Horse v. mule

Jonathan Lighter wuxxmupp2000 at YAHOO.COM
Tue Nov 29 04:09:59 UTC 2005


I don't know if there's a direct connection, but you're probably thinking of the once very well-known ballad that goes by the innocuous title of "Our Goodman" in F. J. Child's still-standard 1890s collection, but is now more often referred to as "Seven Drunken Nights" after a '60s hit by the Irish group, The Dubliners. (They only sang about the first five nights, however.)

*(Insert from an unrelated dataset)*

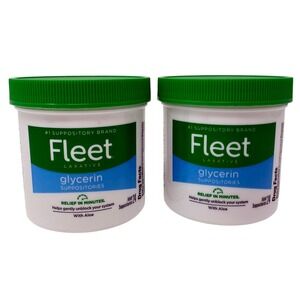 2X Fleet Glycerin Suppositories Laxative with Aloe 24 Count‎ Ea (48 total)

  On the first night, the drunken cuckold comes home and wants to know, "What's this horse a-doing here where my old horse should be?" Or words to that effect.  His wife tells him he's drunk as drunk could be. It's nothing but a milking cow that her mother sent. "Miles have I traveled, a thousand miles or more, / But a saddle on a milk cow I never have seen before!"

  Coley Jones recorded a short but punchy version for Columbia in 1929 which he called "Drunkard's Special."  IIRC, that one features a Model T in the garage, not a horse.

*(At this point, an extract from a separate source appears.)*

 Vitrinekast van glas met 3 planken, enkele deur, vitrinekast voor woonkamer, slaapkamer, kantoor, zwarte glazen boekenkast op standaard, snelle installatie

  This site shows you how excruciatingly dull it all can be made to seem:
  http://www.csufresno.edu/folklore/ballads/C274.html

  JL

Wilson Gray <hwgray at GMAIL.COM> wrote:
  ---------------------- Information from the mail header -----------------------
Sender: American Dialect Society
Poster: Wilson Gray
Subject: Horse v. mule
-------------------------------------------------------------------------------

I've been wondering about this a while. In blues songs, there often occurs =
a
line referring to mules kicking in stalls.
E.g.:

Hear my telephone ringin'
Soun' like a long-distant[sic] call
When I picked up my receivo[sic]
The party said,
_"Another mule kickin' in yo' stall"_

Well, a long way from home
And can't sleep at all
You know
_Another mule is kickin' in yo' stall_
That's evole[sic]


I have an extremely vague memory of reading somewhere or other that there's
a similar motif, but of a horse, rather than a mule, kicking in someone
else's stall,
in British folk music. IOW, this motif originated in the British Isles and
was borrowed
by bluesmen (and -women, since are there blues sung by women with lines
like, "Back
yo' mule up out of my stall.") Does this ring a bell with anyone?